Very spectacular, no doubt; but to many people the top events, the ones which epitomise the Winter Games, will be the classic Alpine Ski races, the Downhill and the Slalom. The winners of these blue ribband events will come from the alpine countries of Western or Eastern Europe, or from Scandinavia or North America; they are most unlikely to come from Great Britain. Sport England, the quango which distributes Government grants (i.e. taxpayers’ money) to promising elite athletes’ medal prospects, has so little confidence that it ceased support for Alpine skiing after the disappointments of Vancouver four years ago. One can see their point. We have had some near misses, including a close 4th place and a wonderful 3rd place disqualified for an accidental and irrelevant rule infringement, but it remains the case that no British Ski racer has ever won a medal at the Olympics and that our last skiing World Champion was at Innsbruck in 1936, when Evelyn Pinching won the ladies downhill and combined titles.

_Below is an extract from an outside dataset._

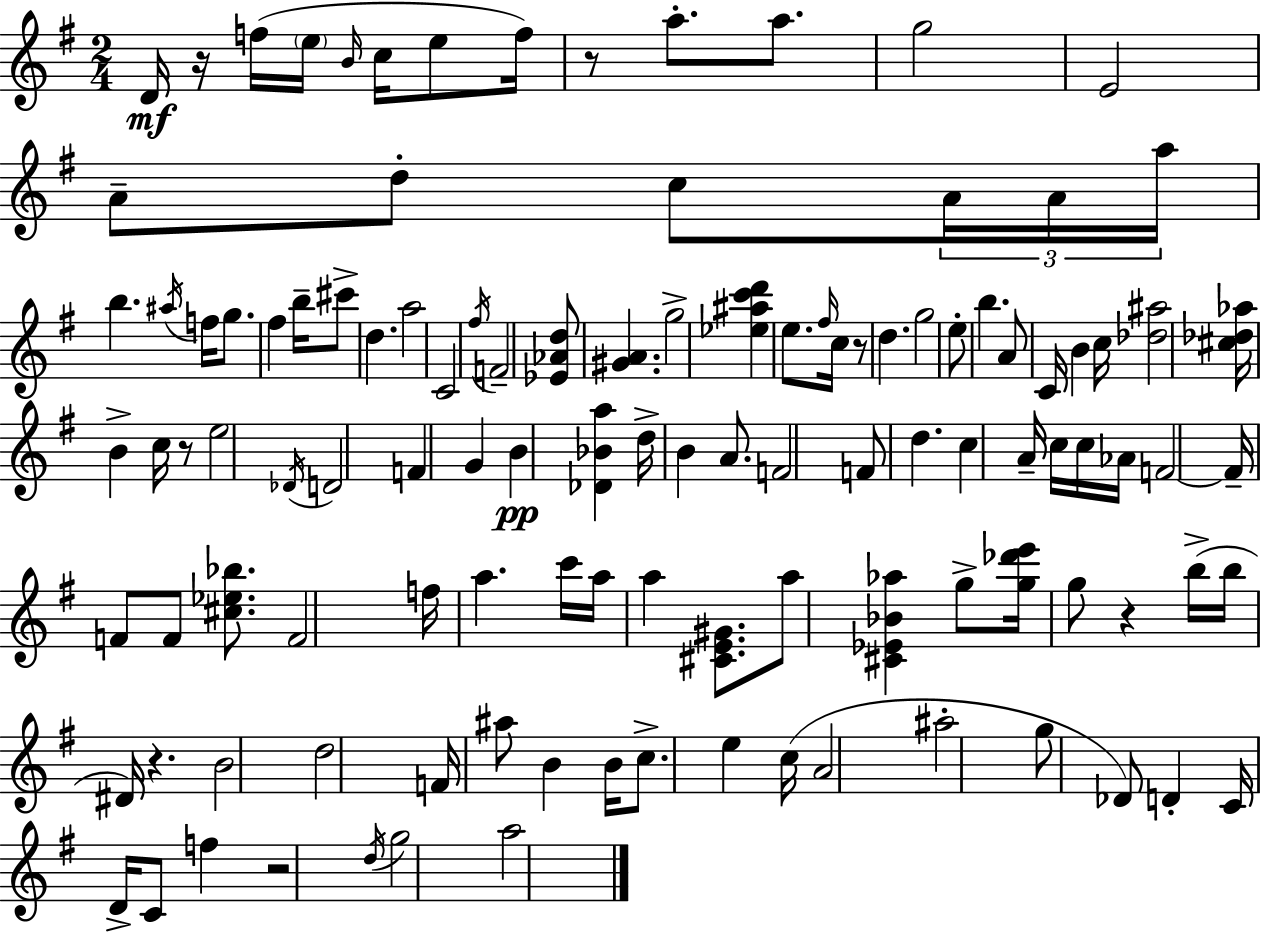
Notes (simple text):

D4/s R/s F5/s E5/s B4/s C5/s E5/e F5/s R/e A5/e. A5/e. G5/h E4/h A4/e D5/e C5/e A4/s A4/s A5/s B5/q. A#5/s F5/s G5/e. F#5/q B5/s C#6/e D5/q. A5/h C4/h F#5/s F4/h [Eb4,Ab4,D5]/e [G#4,A4]/q. G5/h [Eb5,A#5,C6,D6]/q E5/e. F#5/s C5/s R/e D5/q. G5/h E5/e B5/q. A4/e C4/s B4/q C5/s [Db5,A#5]/h [C#5,Db5,Ab5]/s B4/q C5/s R/e E5/h Db4/s D4/h F4/q G4/q B4/q [Db4,Bb4,A5]/q D5/s B4/q A4/e. F4/h F4/e D5/q. C5/q A4/s C5/s C5/s Ab4/s F4/h F4/s F4/e F4/e [C#5,Eb5,Bb5]/e. F4/h F5/s A5/q. C6/s A5/s A5/q [C#4,E4,G#4]/e. A5/e [C#4,Eb4,Bb4,Ab5]/q G5/e [G5,Db6,E6]/s G5/e R/q B5/s B5/s D#4/s R/q. B4/h D5/h F4/s A#5/e B4/q B4/s C5/e. E5/q C5/s A4/h A#5/h G5/e Db4/e D4/q C4/s D4/s C4/e F5/q R/h D5/s G5/h A5/h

This is not a photograph of Evelyn Pinching but is of a Female Competitor in the
1936 World Championships in Innsbruck
This is of course no surprise and no disgrace. Long periods without major success are all too common in sport, even in sports in which we are major participants. Think how long we went without a British mens singles champion at Wimbledon; the first bicycle road race in France, Paris to Rouen in 1868, was won by a young Englishman, but British success in the Tour de France didn’t come till 2012; as England’s footballers struggled even to qualify for entry to the 2014 World Cup a newspaper pointed out that except in the victorious year of 1966 when we played on home ground, no English team has ever beaten any of the worlds top footballing countries in the knockout stages of any World Cup, and in sailing, fifteen British yachts were beaten by the sole foreign entry in a race round the Isle of Wight in 1851; the winning Schooner was called America and all British efforts ever since to win back ‘her’ cup have been unsuccessful.
These last sports are all ones in which the British were among the pioneers and to which our early contributions are fairly well known. Less well known, perhaps, is how much the glamour skiing events of the Winter Olympics also owe to British pioneers – for it was the British who invented the modern slalom, who wrote the first rules for downhill racing and who organised the first World Championship in these events, after a long struggle to persuade the Scandinavian-dominated International Ski Federation to take them seriously.
As so often in history, change and innovation were created by outstanding individuals – in this case two Englishmen called Lunn, Henry Lunn (later Sir Henry 1859-1939) and his son Arnold Lunn (later Sir Arnold) 1888-1974.
Henry Lunn, an energetic and versatile Victorian entrepreneur, had been a medical missionary, an agent for sporting equipment and a conference organiser before setting up a travel company which took British people on winter holidays in the Alps and entertained them whilst there with ski races and other diversions. He never skied himself, but in 1898 he took his 10 year old son to Chamonix and gave him a pair of skis. The lad never looked back. Arnold Lunn became an enthusiast for ski touring later making several pioneering traverses and climbs and founding clubs to further the sport. He won his first ski race in 1904, a primitive cross country event for schoolboys in one of his father’s Swiss holiday groups. They went round a loop, starting and finishing in the same place. Arnold Lunn reckoned that there must be better ways of ski racing and became the leading advocate of alternatives and a major figure in the skiing world.
In the early years of the last century, ski competitions were either the Nordic disciplines of cross country (langlauf) and ski jumping, both dominated by the Scandinavians who had developed them, or were style competitions, in which entrants were required to do specified types of turns at marked points down a hillside, observed by judges who awarded then points – in a similar manner to the earlier winter sport of ice-skating.
Then in 1921 for the first time one country introduced a change and decided its national ski championship partly on the results of a race downhill. Fifteen competitors set off from a mass start on the Lauberhorn above Wengen in Switzerland and raced down past Kleine Schidegg to a finish above Grindlewald. Their results counted for half the points towards their national championships, the other half coming from a style competition. The country concerned was Great Britain and the initiative came from Arnold Lunn, by then a leading figure in the sport.